Michael Tilson Thomas conducts the San Francisco Symphony. Photo: Bill Swerbenski.

In the 2004 movie Mean Girls, one of the girls tries to popularize the term “fetch,” to mean “cool” or “hip.” The meanest girl says, “Stop trying to make ‘fetch’ happen.” This sentence soon entered our culture. In its spirit, I say, Stop trying to make Pétrouchka happen, as concert music.

Anyway, the San Franciscans played it with color and panache, if not perfect unity. How about another Stravinsky ballet, The Rite of Spring? Does that work as concert music? Better than Pétrouchka, I would say, and not as well as The Firebird. In any case, the San Franciscans closed their concert with it, successfully. The Sacred Dance had its thrilling savagery. In between the two ballets came Stravinsky’s Violin Concerto, in which the soloist was Leonidas Kavakos, the famous Greek. He did not have his best sound or cleanest technique, but he was good enough, and characteristically intelligent. In my opinion—here I go again—the Stravinsky Violin Concerto is a lot of work with little musical payoff. A payoff came in an encore, a movement from a solo-violin sonata by Nikos Skalkottas, a Greek composer who lived from 1904 to 1949. Kavakos played with truly Kavakosian sound and technique, plus an obvious affection, even a delight.

After The Rite of Spring, Tilson Thomas offered no encore, though the audience called him back again and again and again (unusually for New Yorkers, who tend to rush to the exits). He finally made a sleeping motion, meaning, “Nope—time for bed.”

The next night, Jonas Kaufmann came into Carnegie Hall. Backed by the Orchestra of St. Luke’s, the starry German tenor sang Richard Tauber music, which is to say, operetta numbers from gay Weimar days. He had a strained first half. He had no high notes, unless he could sing them fortissimo. But in the second half, he was “hooked up,” crooning and floating at will. This allowed him to convey his charm, and the music’s. Jochen Rieder was his excellent conductor. Rieder gave the orchestral excerpts on the program their spice, Schlag, or whatever other ingredient they required.

A few nights later, Kaufmann was at the Metropolitan Opera for La fanciulla del West—he was in the audience, that is.

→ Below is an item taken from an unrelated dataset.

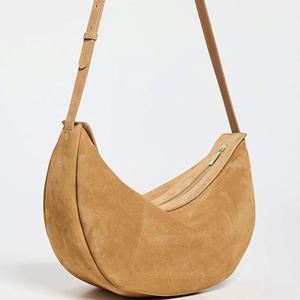 Sac bandoulière personnalisé avec logo DIY, grand sac à main pour femme, élégant et portable, en daim avec fermeture éclair - Product Image 1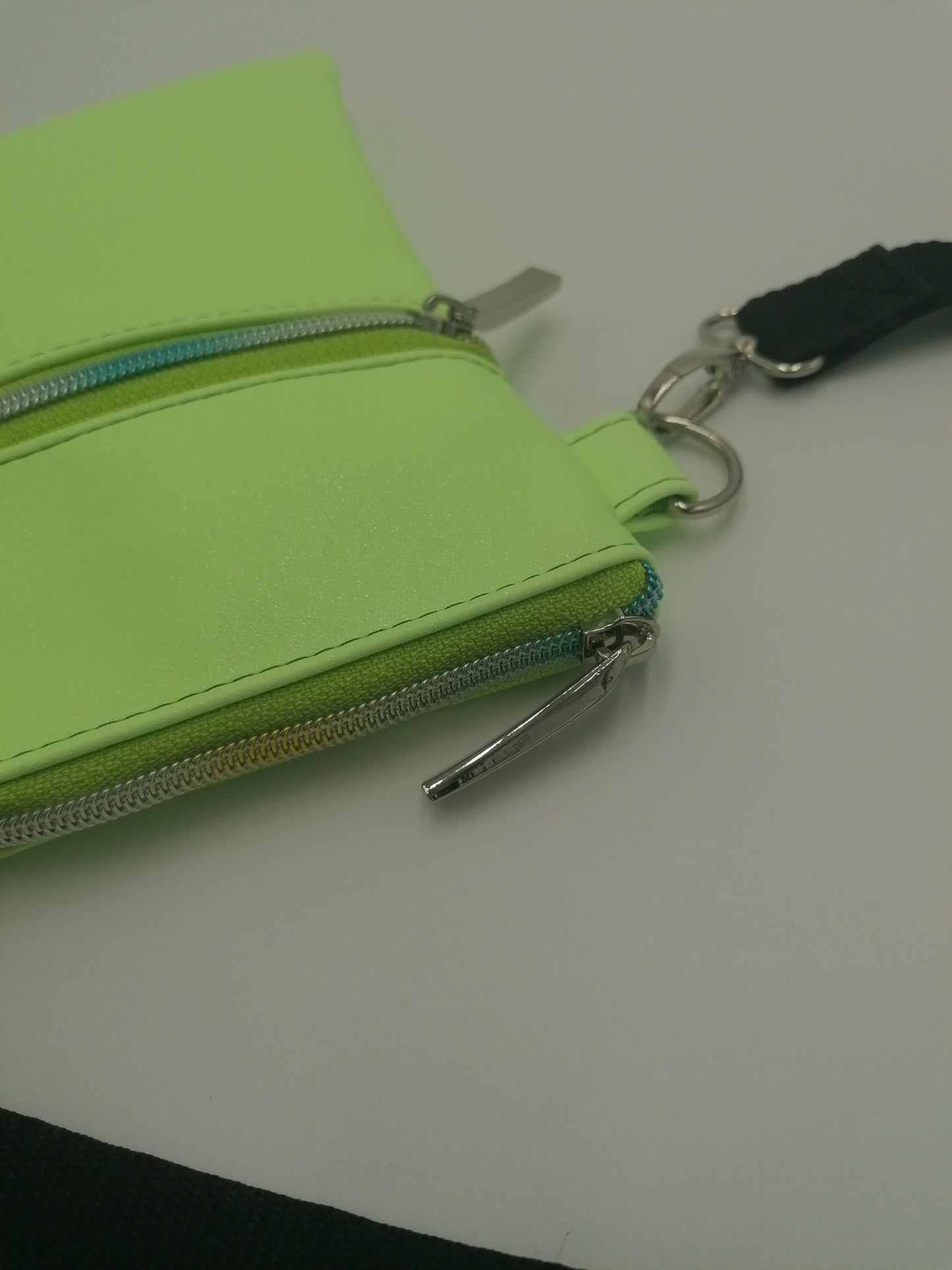 kleine Umhängetasche "schimmer lemon"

As he walked up the aisle for the first intermission, he whistled a Fanciulla tune—and pretty well.

Saint Thomas Church on Fifth Avenue has a big music program, and they now have a big new organ, costing $11 million and comprising 7,069 pipes. The dedicatory recital was played by Daniel Hyde, the music director of the church. The recital was sold out within twenty-four hours of its announcement. Hyde’s program began with a bang: an arrangement of the overture to Wagner’s Meistersinger. It also included Bach, of course, and variations on “The Star-Spangled Banner” by Dudley Buck, an American composer of the nineteenth century.

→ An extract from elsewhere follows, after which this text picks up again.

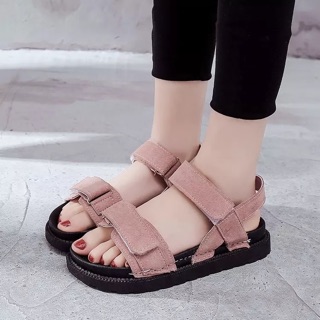 Sandal nữ quai da lộn hồng- đen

I say “of course.” In remarks to the audience, Hyde said, “For me as an organist, all roads lead to and from Bach.” As a rule, I don’t like remarks to the audience, but I certainly liked that one, and Hyde, a Brit, talks so charmingly, who would wish him silent?

Daniel Hyde at Saint Thomas Church. Photo: Patrick Fennig.

At the front of the church was a large screen that showed what Hyde was doing, as he played. I found this an imposition, to a degree. It’s not all that interesting to watch an organist read music. (The pedaling is more interesting, to be sure.) Personally, I prefer to be alone with the music and the church (whatever the church happens to be). The screen makes the player, the performer, more central than he ought to be.

But this is a matter of taste, and perhaps of habituation. Plus, everyone at Saint Thomas got a kick out of seeing Daniel Hyde’s socks as he pedaled: one of them showing the Stars & Stripes, the other showing the Union Jack. A nicely diplomatic pairing.